Task to complete:
Apart from the pictures, every part of the records below gets retyped exactly.

Information shown:
----

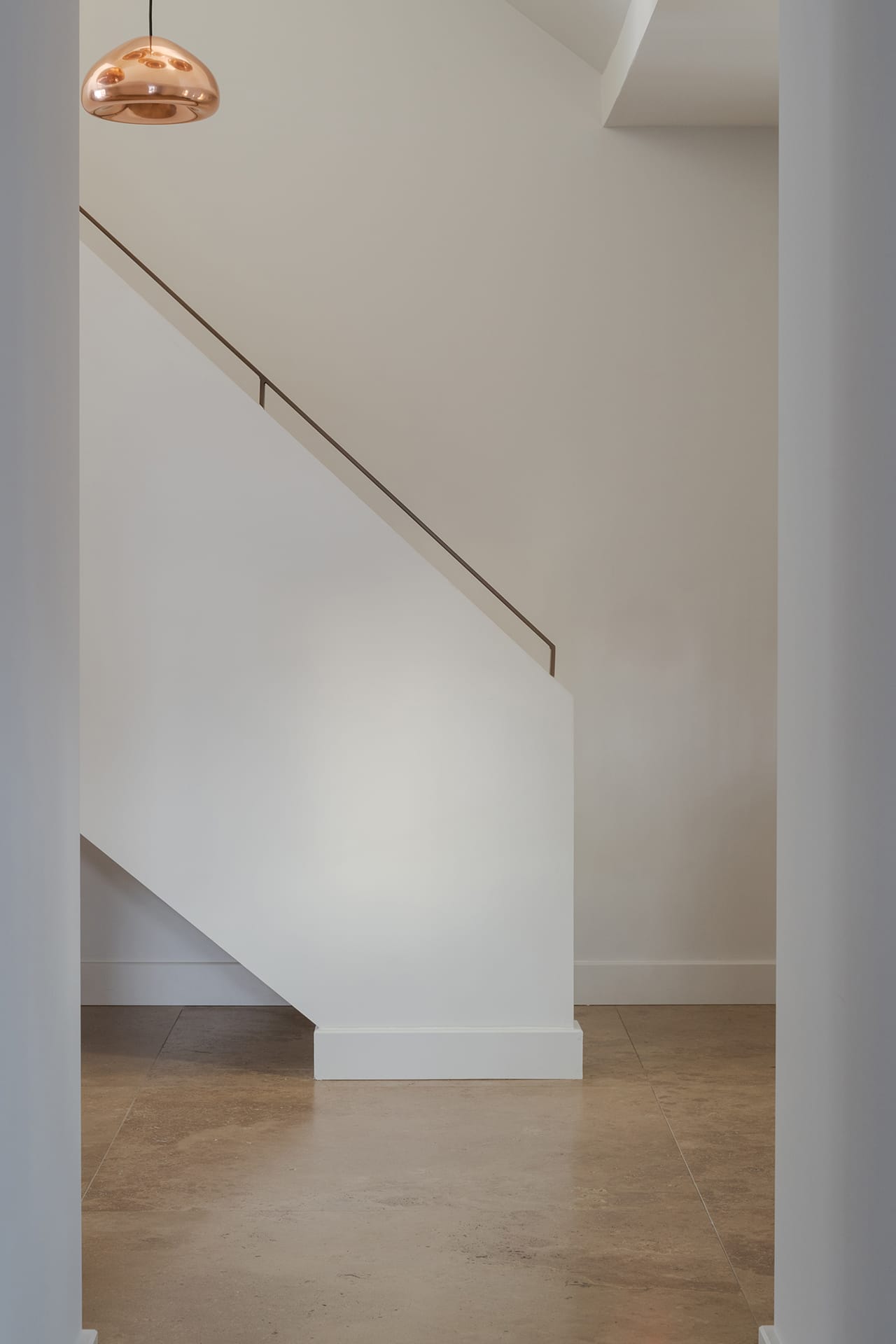 Wit gestucte trap met een smalle leuning en een koperen hanglamp Void van Tom Dixon.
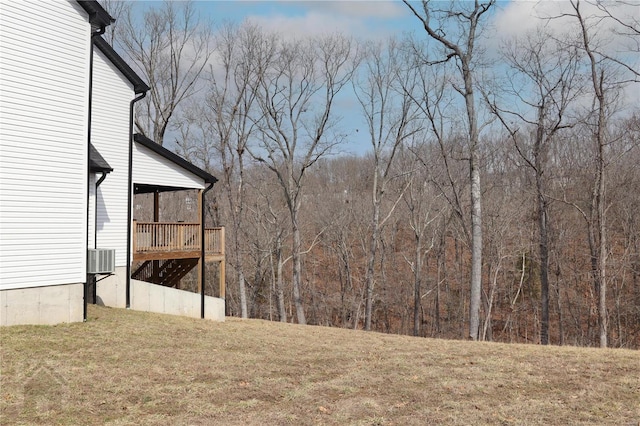 view of yard with a wooded view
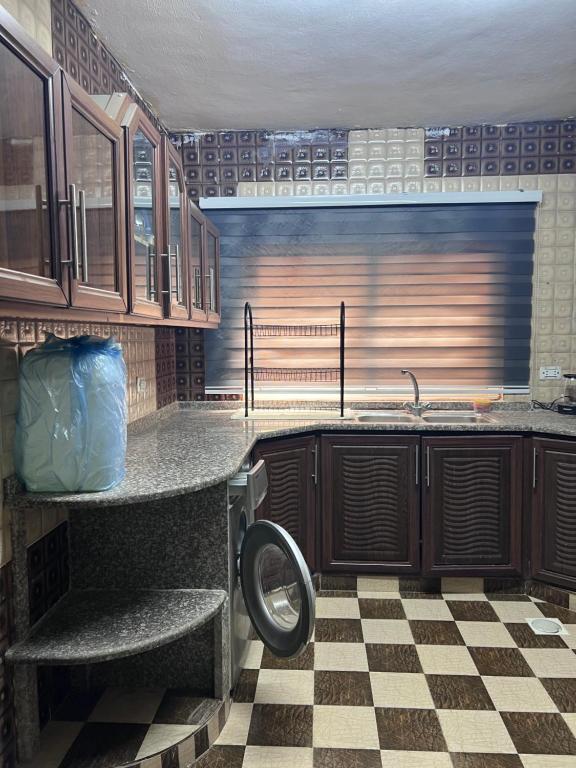 a kitchen with wooden cabinets and a checkered floor at Saeeds apartment in Ajloun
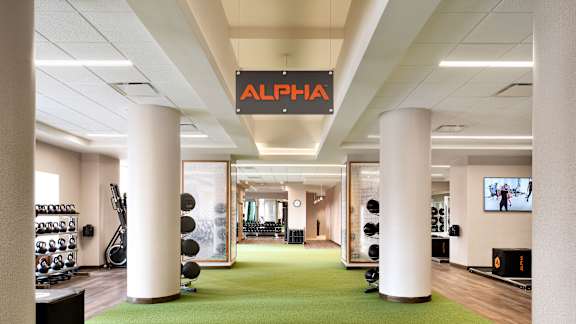 A gym with a green floor at One West, New York, New York
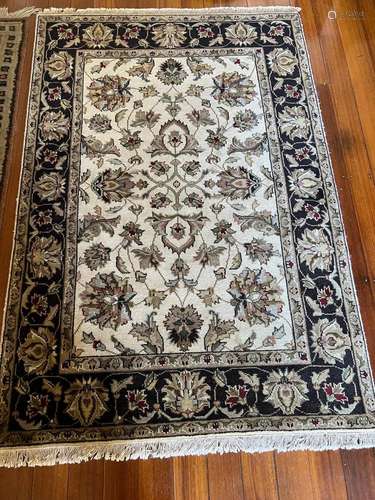 A small Persian style wool-pile rug 130cm by 38cm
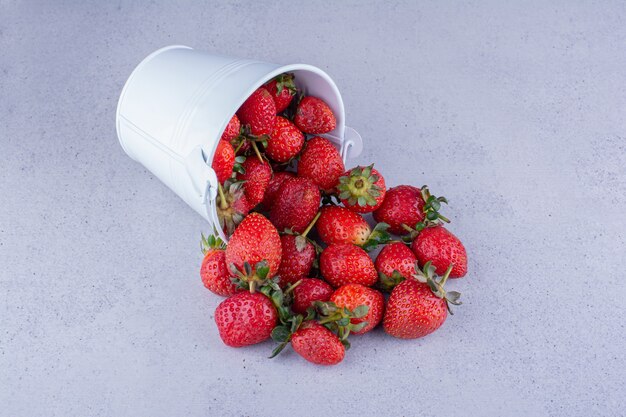 Fragole versando da un piccolo secchio su sfondo marmo. foto di alta qualità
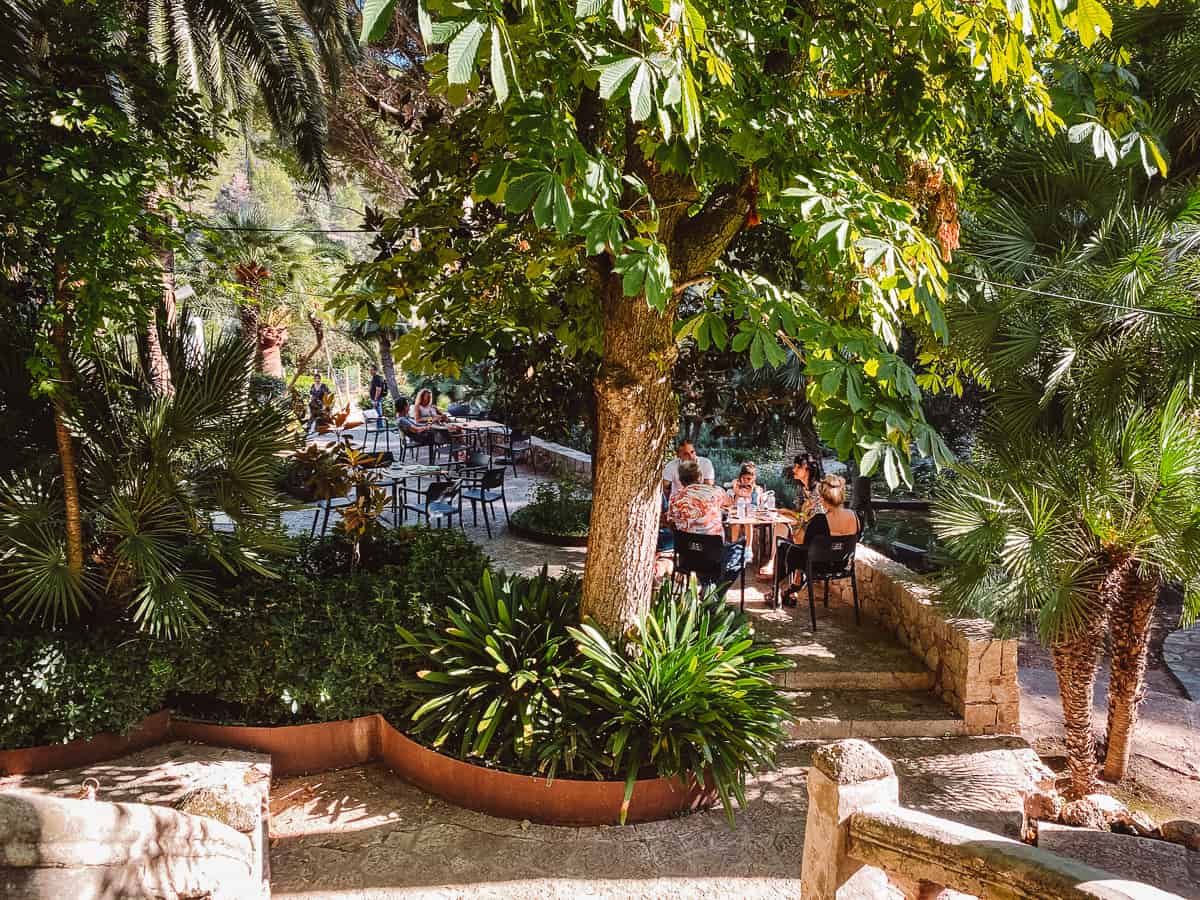 People eating at a restaurant set in a grove of palm trees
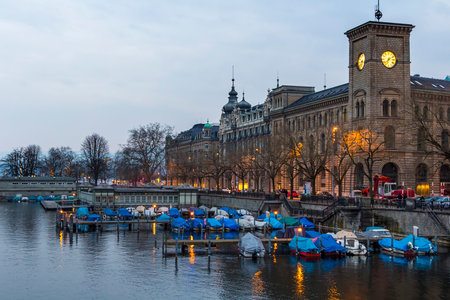 Switzerland, Zurich March 23, 2013 City evening landscape with illumination. Covered boats at the pier, reflected in the water.のeditorial素材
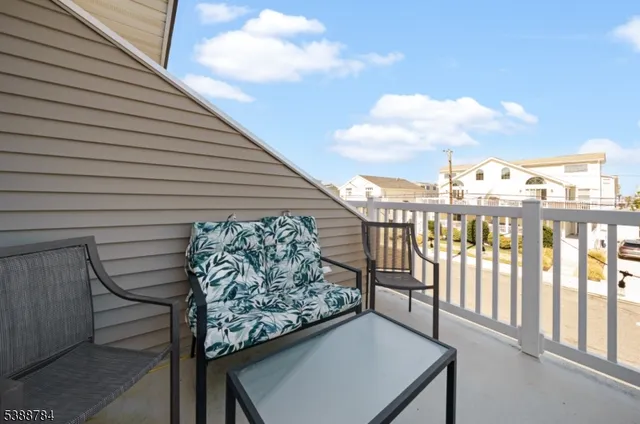 a view of a balcony with furniture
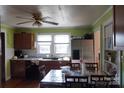 Bright kitchen with stainless steel appliances and wood cabinets at 6302 Pleasant Hill Church Rd, Marshville, NC 28103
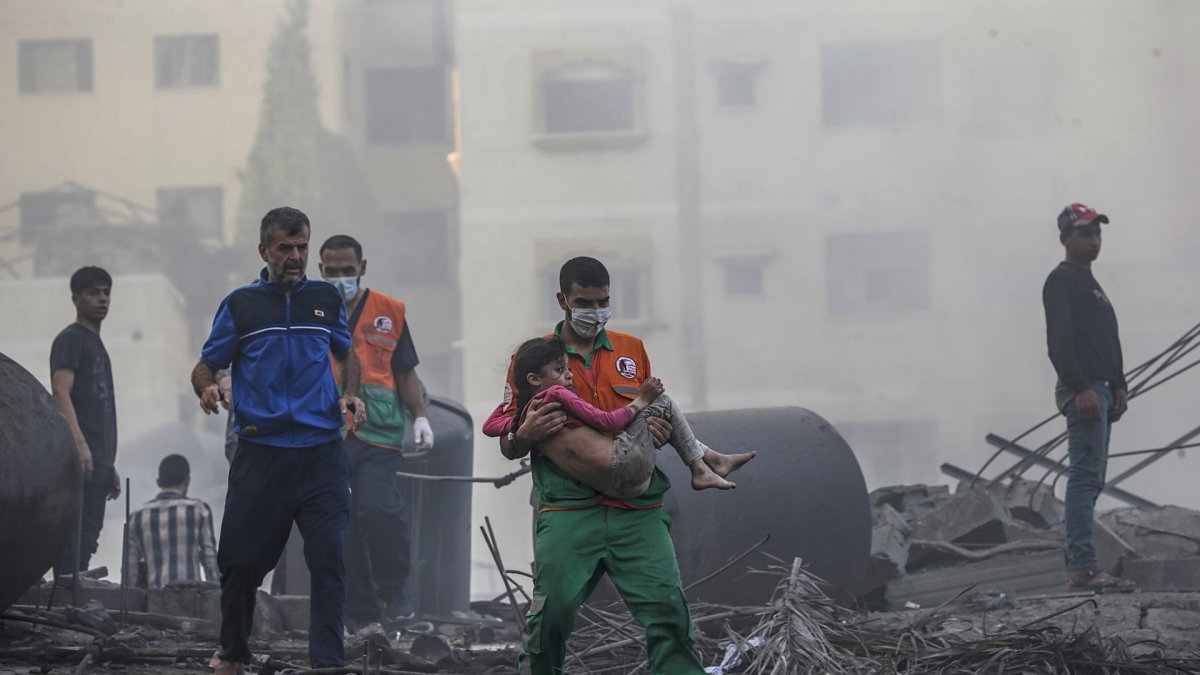 Un palestino carga a una niña herida tras recuperarla de los escombros de una zona destruida tras los ataques aéreos israelíes en la ciudad de Gaza.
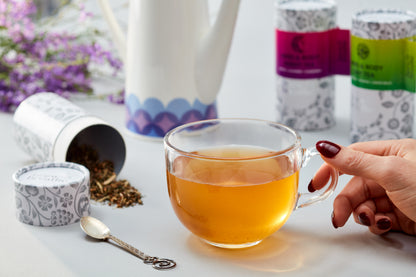 Loose leaf Mind and Body Day Tea steeping in ceramic mug showing amber herbal infusion
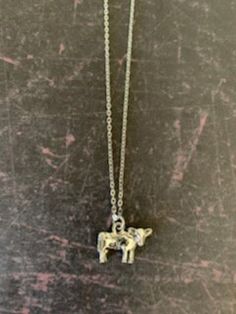 Cute and nicely detailed double sided silver tone holstein cow necklace.  Pendant measures 1/2" L X 3/4" W and is an 18" chain. ★ Want to see more?  Please visit my shop at: https://www.etsy.com/shop/DesignsByPeg Cow Jewelry, Cow Necklace, Small Cow, Holstein Cow, Western Necklace, Holstein Cows, Western Necklaces, Saint Marys, Necklace Dainty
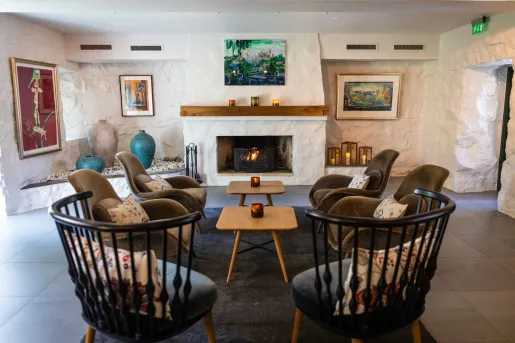 Large, black chairs surrounding smaller, wood coffee tables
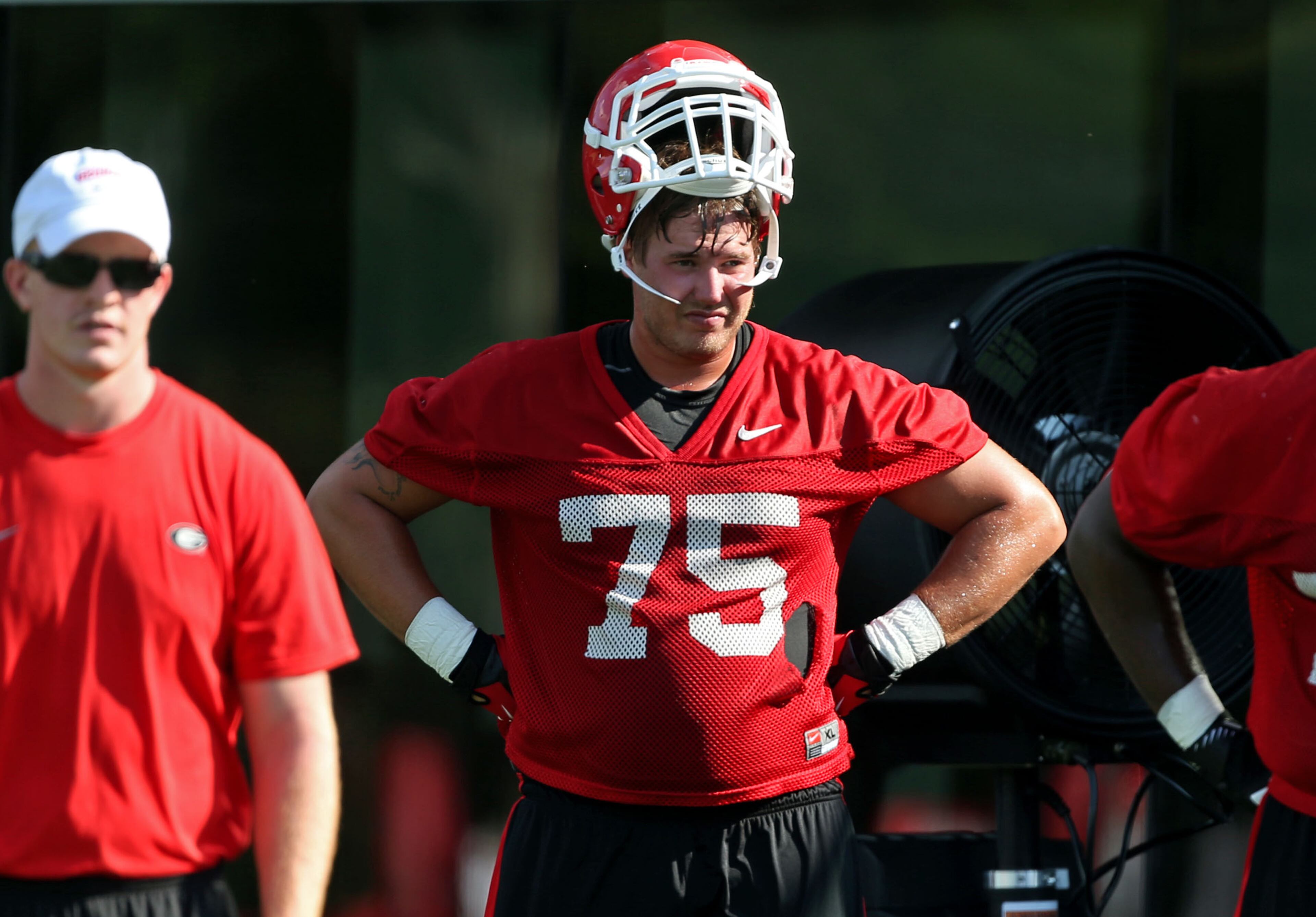 University of Georgia offensive lineman Kolton Houston (75) takes a break during practices on the first day of practice at the University of Georgia Thursday afternoon in Athens, Ga., August 1, 2013. This is the first practice that Houston is now eligible to play in games. Houston, now a junior, was declared ineligible to participate by the NCAA soon after arriving on campus as a midyear freshman enrollee in January of 2010. JASON GETZ / JGETZ@AJC.COM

----

Finished exercise:
 Wit gestucte trap met een smalle leuning en een koperen hanglamp Void van Tom Dixon.
 view of yard with a wooded view
 a kitchen with wooden cabinets and a checkered floor at Saeeds apartment in Ajloun
 A gym with a green floor at One West, New York, New York
 A small Persian style wool-pile rug 130cm by 38cm
 Fragole versando da un piccolo secchio su sfondo marmo. foto di alta qualità
 People eating at a restaurant set in a grove of palm trees
 Switzerland, Zurich March 23, 2013 City evening landscape with illumination. Covered boats at the pier, reflected in the water.のeditorial素材
 a view of a balcony with furniture
 Bright kitchen with stainless steel appliances and wood cabinets at 6302 Pleasant Hill Church Rd, Marshville, NC 28103
 Un palestino carga a una niña herida tras recuperarla de los escombros de una zona destruida tras los ataques aéreos israelíes en la ciudad de Gaza.
 Loose leaf Mind and Body Day Tea steeping in ceramic mug showing amber herbal infusion
 Cute and nicely detailed double sided silver tone holstein cow necklace.  Pendant measures 1/2" L X 3/4" W and is an 18" chain. ★ Want to see more?  Please visit my shop at: https://www.etsy.com/shop/DesignsByPeg Cow Jewelry, Cow Necklace, Small Cow, Holstein Cow, Western Necklace, Holstein Cows, Western Necklaces, Saint Marys, Necklace Dainty
 Large, black chairs surrounding smaller, wood coffee tables
 University of Georgia offensive lineman Kolton Houston (75) takes a break during practices on the first day of practice at the University of Georgia Thursday afternoon in Athens, Ga., August 1, 2013. This is the first practice that Houston is now eligible to play in games. Houston, now a junior, was declared ineligible to participate by the NCAA soon after arriving on campus as a midyear freshman enrollee in January of 2010. JASON GETZ / JGETZ@AJC.COM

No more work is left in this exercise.